Gauge fields and quantum theory

Abstract

This thesis investigates the problems within quantum mechanics for the Bohm model caused by Lorentz invariance and the existence of photons. A model describing the electromagnetic interactions of fermions is produced which does not use photons and avoids these problems. It is then shown how these techniques can be extended to linearised gravitational interactions. Finally semi-classical gravity and the possibility of gravitationally induced collapse are considered. In the first part of the thesis two modifications to the Bohm model are proposed. One takes account of Lorentz invariance, and the other is capable of describing photons. The main part of the thesis is devoted to describing interactions in a way which does not need extra gauge particles, and so is in the same spirit as the Bohm model. Electromagnetic interactions are formed using a 4-potential operator which is calculated directly, without imposing commutation relations on the 4-potential.

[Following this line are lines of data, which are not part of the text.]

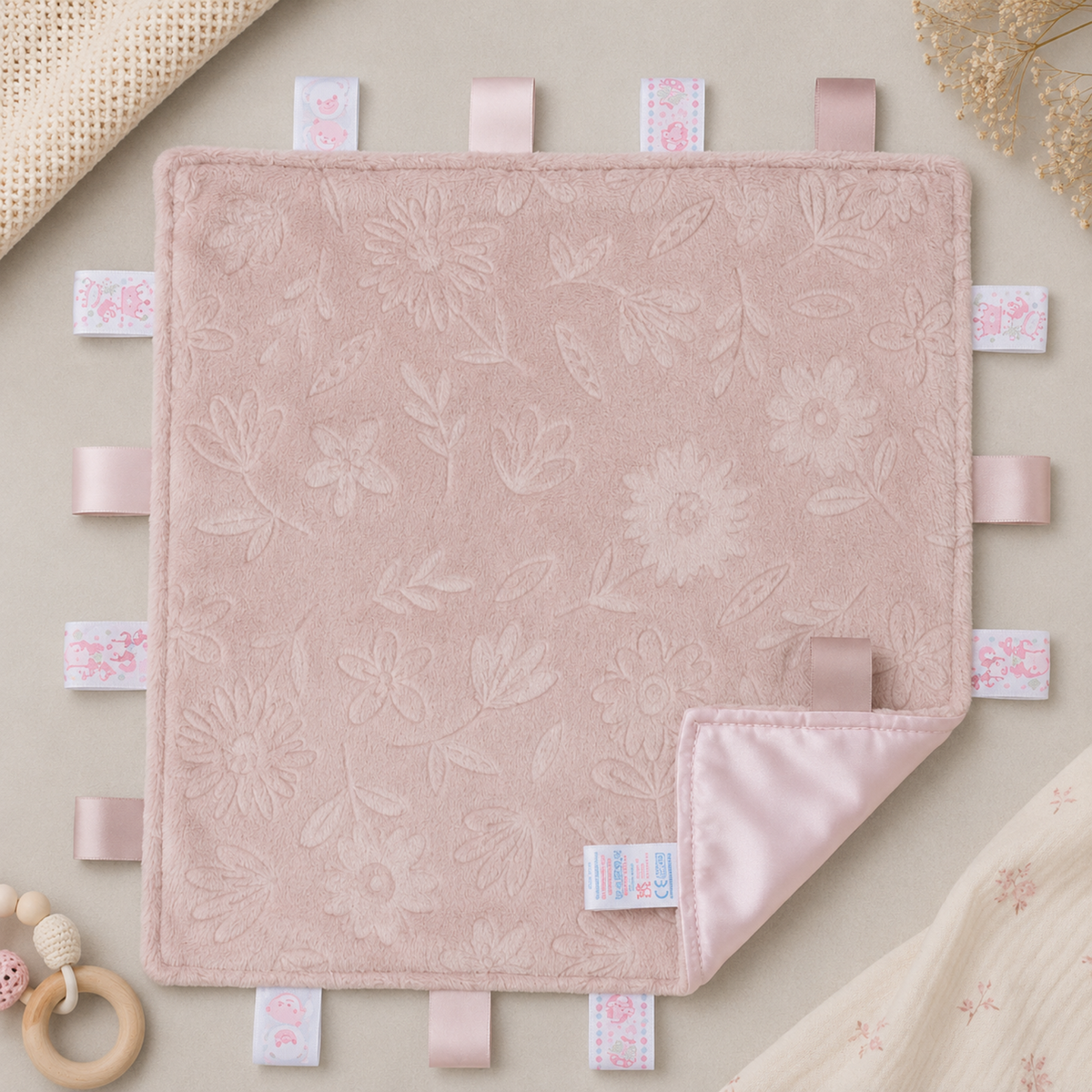 Embossed dusty pink floral baby taggy blanket with sensory ribbon tags and matching silky reverse measuring 35 x 35cm.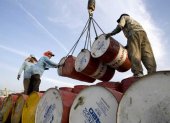Un grupo de trabajadores mueven barriles con petróleo.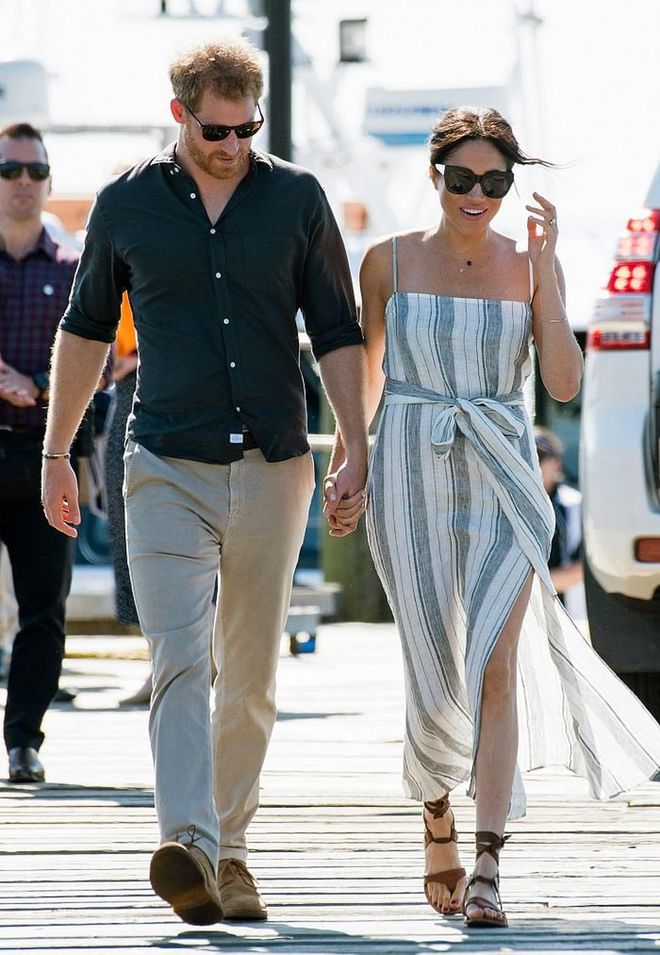 Meghan explored Fraser Island with her hubby in a summery Reformation dress and Karen Walker 'Northern Lights' sunglasses. The duchess opted to pair the look with Sarah Flint 'Grear' lace up sandals​.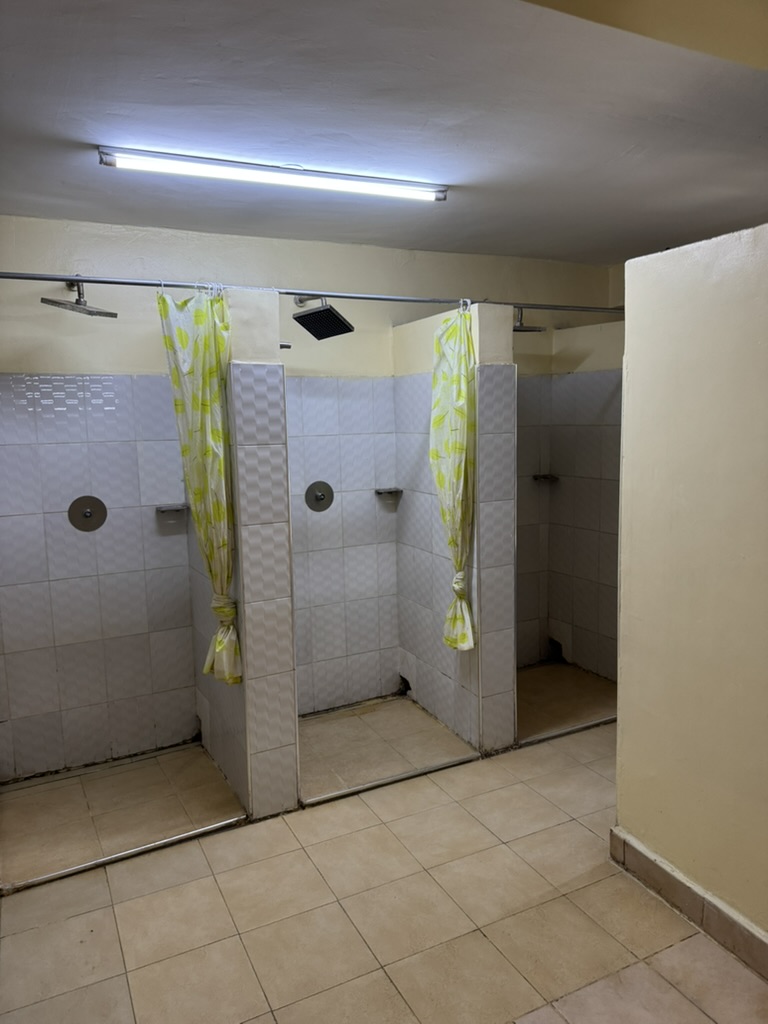 Tiled shower stalls in the KGSA student washrooms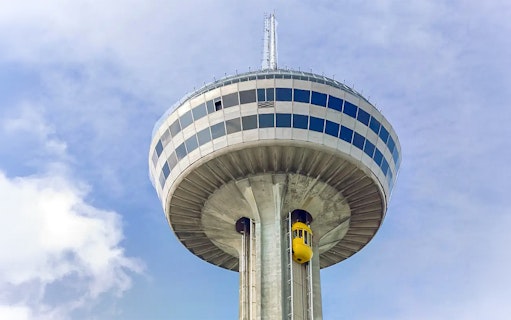 Skylon Tower with yellow elevator against blue sky, Niagara Falls.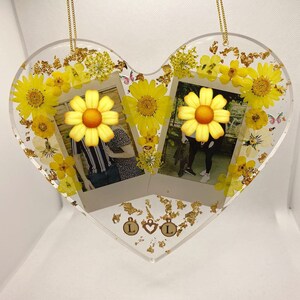 May include: A heart-shaped resin ornament with two Polaroid photos of a couple, surrounded by pressed yellow flowers and gold leaf. The ornament has two gold charms with the letter "L" on them.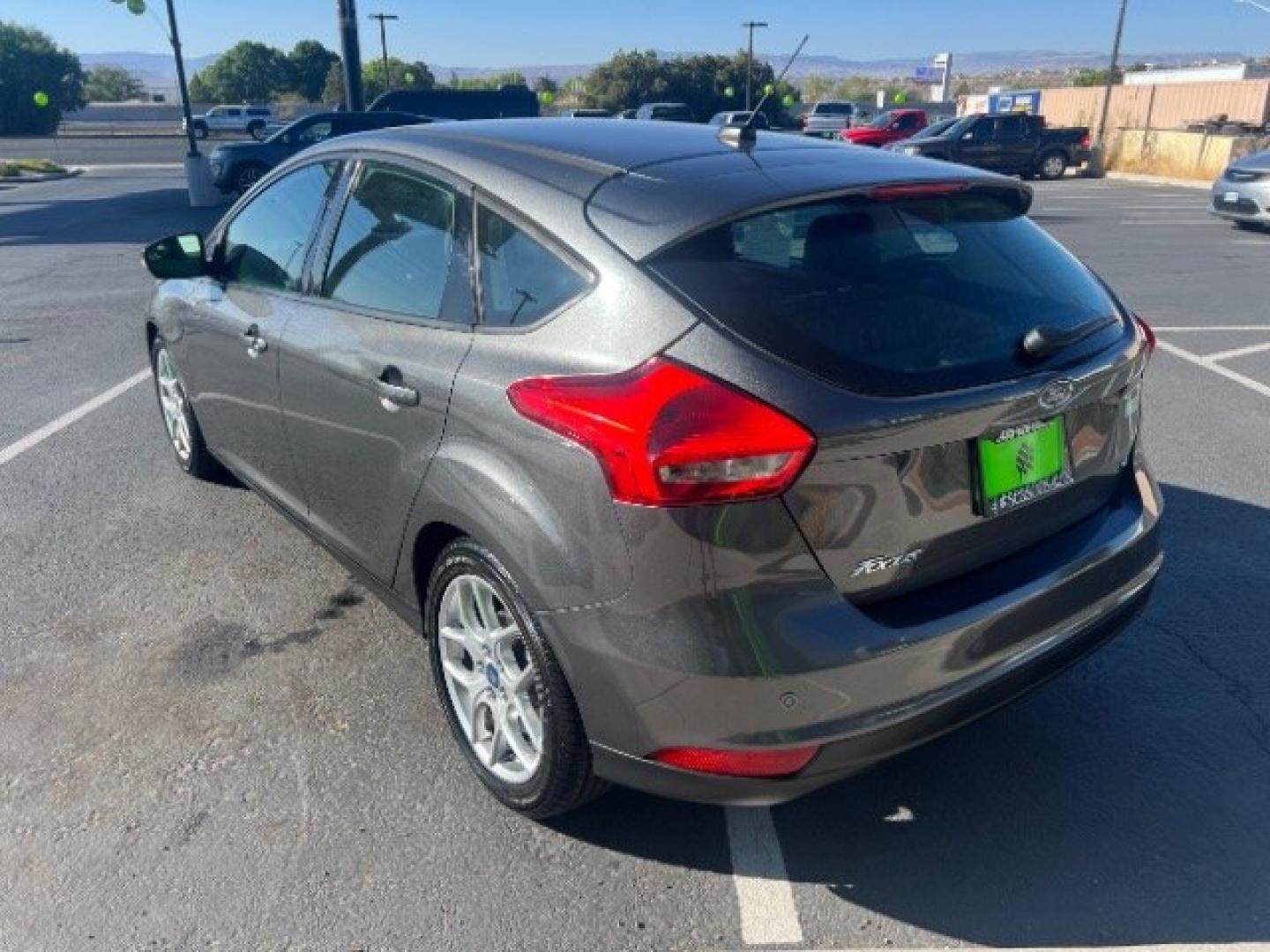 2015 Magnetic /Charcoal Black Ford Focus SE (1FADP3K25FL) with an 2L I-4 gasoline direct injection engine, Automatic transmission, located at 940 North Main Street, Cedar City, UT, 84720, (435) 628-0023, 37.692936, -113.061897 - We specialize in helping ALL people get the best financing available. No matter your credit score, good, bad or none we can get you an amazing rate. Had a bankruptcy, divorce, or repossessions? We give you the green light to get your credit back on the road. Low down and affordable payments that fit- Photo#4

This leads to an expression for the 4-potential in terms of the Dirac field, and results in there being no photon states. There are various ways of constructing the theory and the scattering matrix of standard QED is compared to the scattering matrix of the version which appears to be most similar. Considering only the matrix elements between fermion states, they are found to be in agreement at the order e(^2), but disagree at the order e(^4). It follows that this model, which otherwise appears to be a self consistent theory of QED, cannot agree with experiment. The same techniques can be used to quantise General Relativity when it is linearised about the Minkowski metric. The metric operator is calculated in terms of the Dirac field. The interaction is similar to that of electrodynamics, being of order 4 in the Dirac field. Finally issues relating to gravitational collapse are discussed.